[Advaita-l] [advaitin] Works of Sri Vidyashankara
Sunil Bhattacharjya
sunil_bhattacharjya at yahoo.com
Mon Jan 2 01:55:51 CST 2017
Dear Vidysankarji and the members of the advaita group,
Wish you all a happy new year.
Regards,
Sunil K. Bhattacharjya
--------------------------------------------
On Sun, 1/1/17, Vidyasankar Sundaresan <svidyasankar at gmail.com> wrote:
Subject: Re: [Advaita-l] [advaitin] Works of Sri Vidyashankara
To: "Sunil Bhattacharjya" <sunil_bhattacharjya at yahoo.com>
Cc: "A discussion group for Advaita Vedanta" <advaita-l at lists.advaita-vedanta.org>, "Venkatraghavan S" <agnimile at gmail.com>
Date: Sunday, January 1, 2017, 7:46 PM
Dear
Sunilji,
I have engaged in discussions with you long
enough to work out how your doubts arise and when the very
same doubts become conclusions.
In my very first response to you on this
thread, I had drawn your attention to the works of Dr
Kunjunni Raja, Dr V Raghavan, Prof Sengaku Mayeda and
others. In particular, I will reiterate that you should
familiarize yourself with Mayeda's in-depth and
comprehensive analysis of the authorship issue. Questions
about style and substance have been answered more than
satisfactorily in his articles. Prof Karmarkar's stance
about the authorship of gItAbhAshya has to be ultimately set
aside. Of course, that will prove to be uncomfortable for
your theses about the gItA of 745 verses and about the dates
of Sankara and the maThas.
As for SrI viyASankara, please note that all
the old major SakhA maThas of Sringeri have the term
vidyASankara pAdapadmArAdhaka in their titles. There is no
rule that every notable guru in maTha history should have
written commentaries. And there is no rule that a notable
author should have presided over a maTha.

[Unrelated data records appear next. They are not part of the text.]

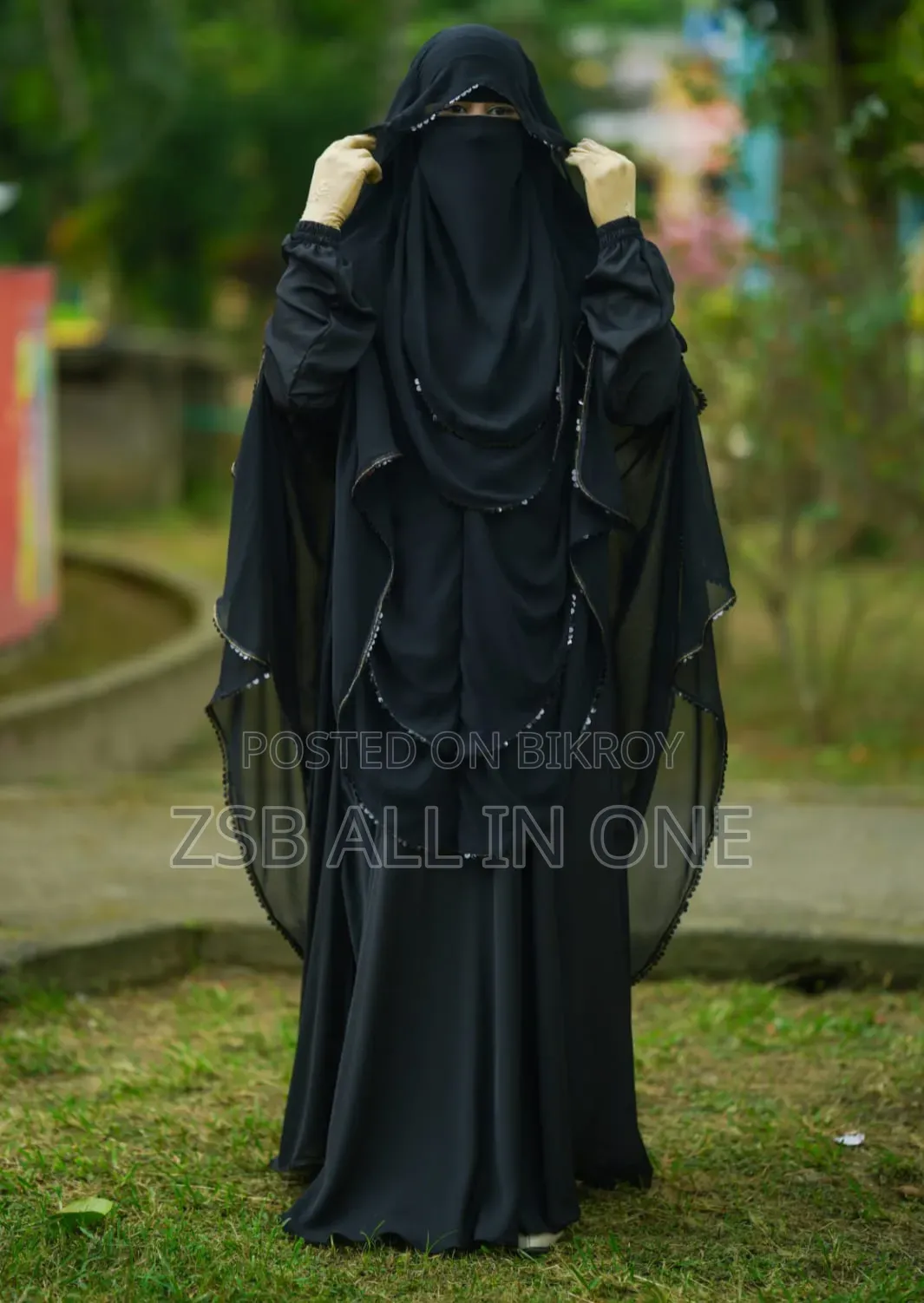 Safa Borka Full Set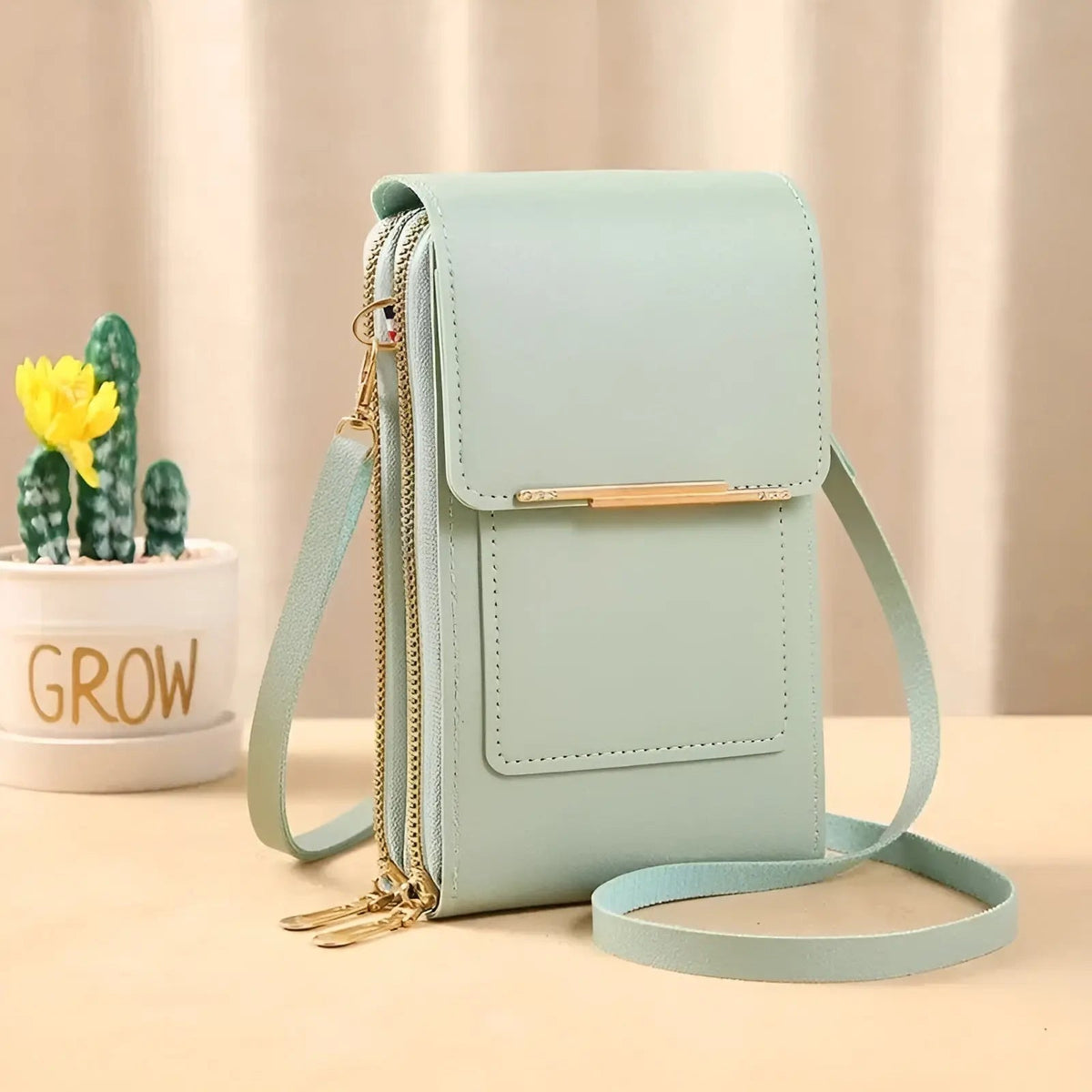 Women's Soft Anti-Theft Shoulder Bag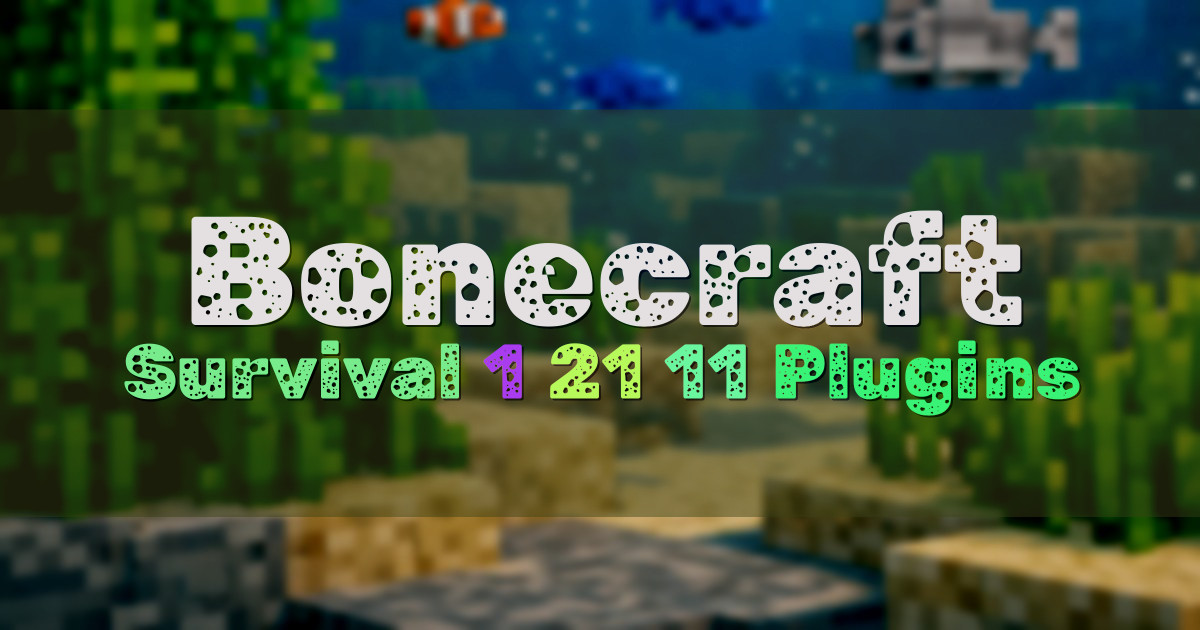 Banner for Bonecraft Survival (bonecraft.online)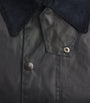 Navy Waxed Beaufort Jacket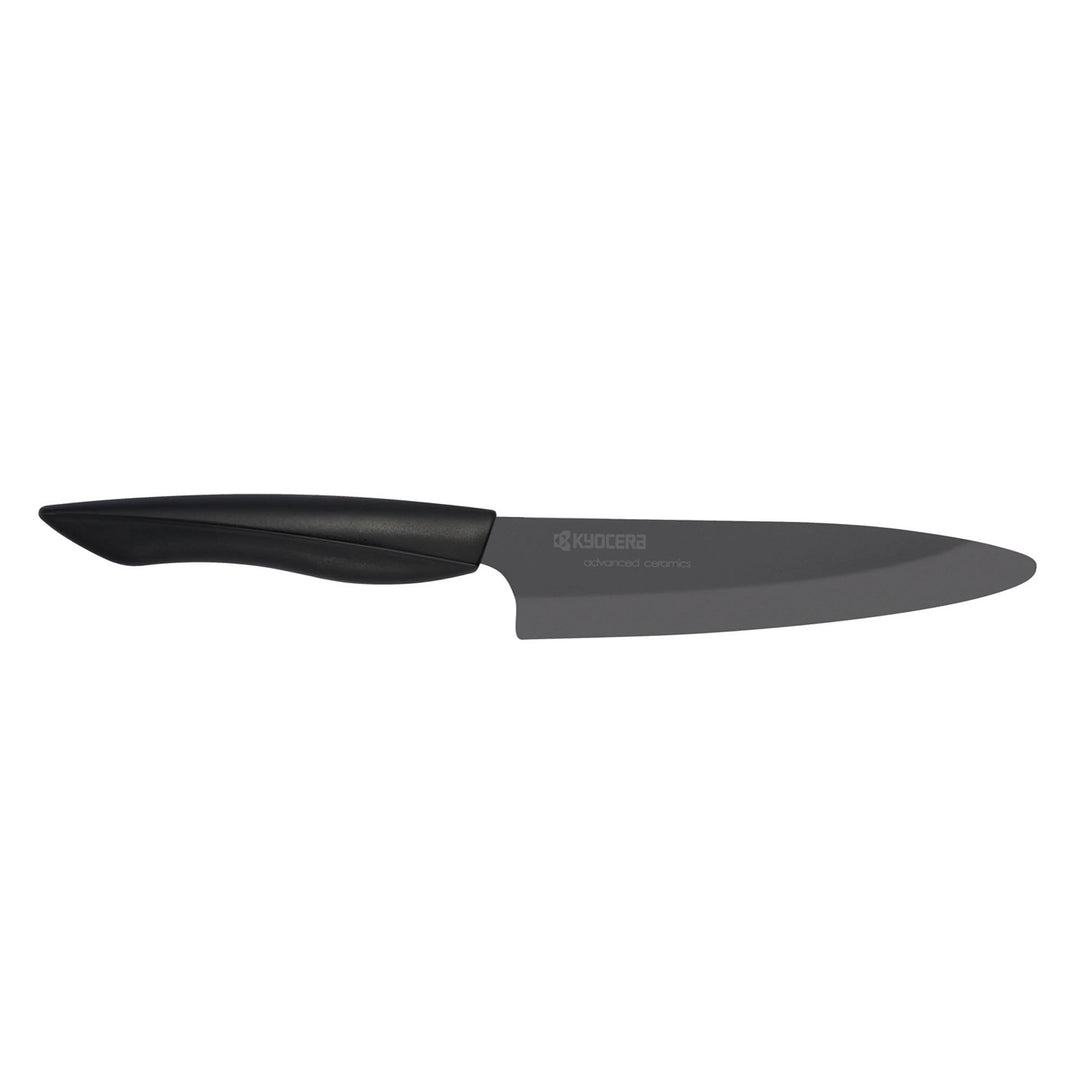 KYOCERA | Keramikmesser, SHIN, schwarz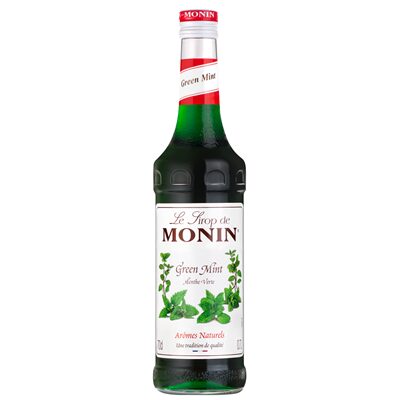 MONIN SIROP MENTA VERDE 0.7L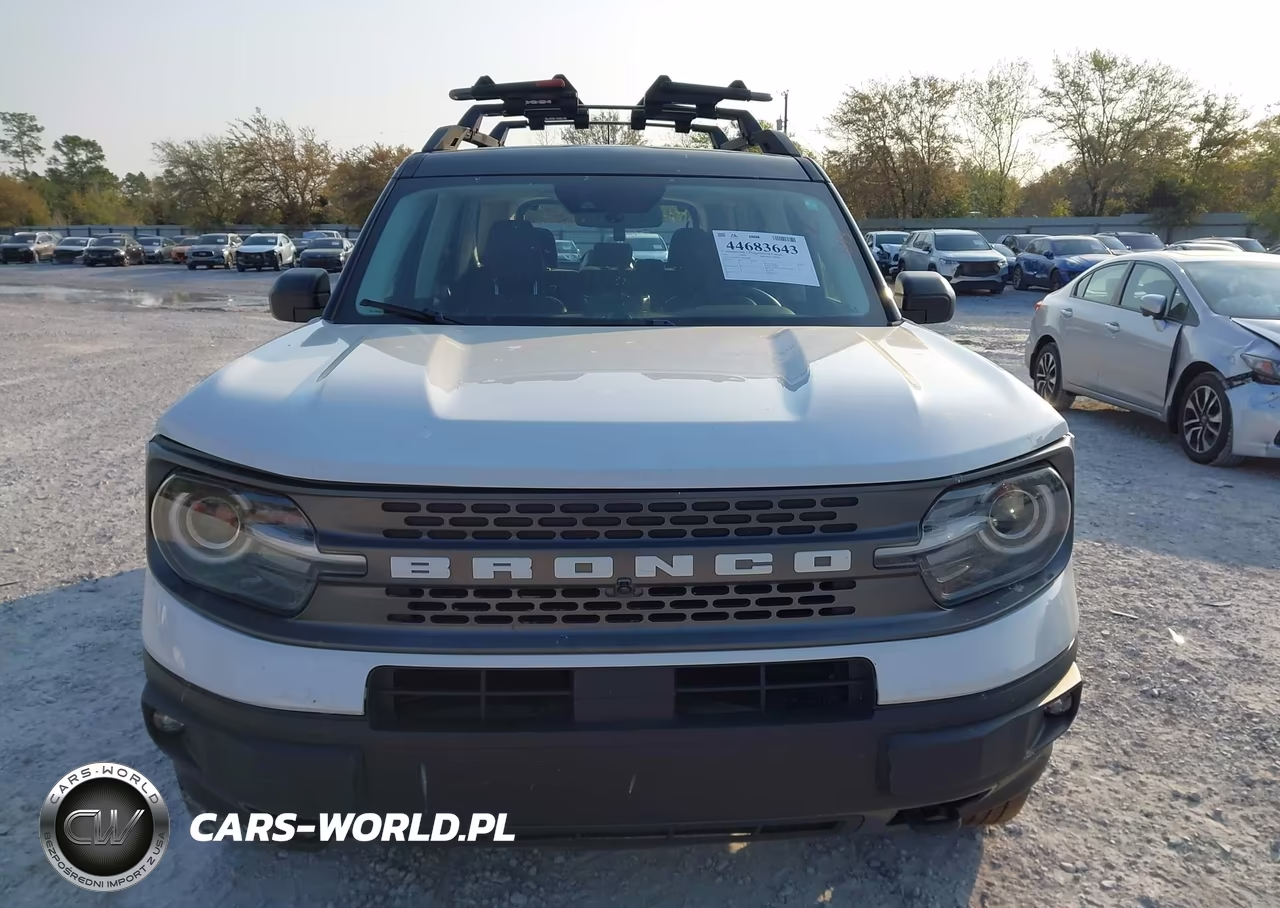 2021 Ford Bronco Sport Badlands VIN:3FMCR9D94MRA04604 - 11
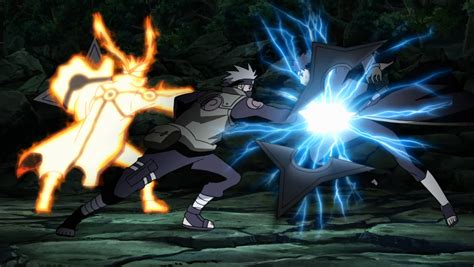 Image - Kakashi VS Obito.png | Narutopedia. sr Wiki ... Two male anime characters wallpaper, untitled, naruto.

It is very easy to ask questions. It requires a
lot of patience to get to the answers. In the process, you
have to keep an open mind and be ready to give up
assumptions and preconceptions whenever necessary.
I'll stop here. I have no desire to dig
back into the claimed vs actually documented histories of
various institutions. I have already said much about them in
the past and don't see any need to repeat myself.
With happy 2017 wishes,
Vidyasankar
On Jan 2, 2017 12:46 AM,
"Sunil Bhattacharjya" <sunil_bhattacharjya at yahoo.com>
wrote:
Dear
Vidyashankarji,
I think you have not known that my doubts about the
authorship of the Bhagavadgitabhashya by Adi Shankara, arose
only after I came to know about Prof. Karmarkar's
analysis. It looks as if due to prejudice many have not
cared to read the paper of Karmarkar. So there is no case of
force-fitting, and it was only the open way of examining new
information.
Good that now I find that the general opinion is that Sri
Vidyashankar had not written any text. But there must be
some reason why both the Kudali Sringeri and the Sringeri
mathas have the grand Vidyashankar temples in their
premises, but similar honour to the other post-AdiShankara
pontiffs are miising.
Regarding Nava Shankara or Abhinava Shankara, it was Shri
Pathak who got the three page document on that according to
which this Nava Shankara was born in 788 CE. Shri Pathak
published a paper on that. It is interesting to see that the
Sringeri matha also claimed the date of their first
mathadhipati from that time. This probably gave an
impression to some scholars like Udaivir Shastri that the
Sringeri math was established by this Abhinava Shankara.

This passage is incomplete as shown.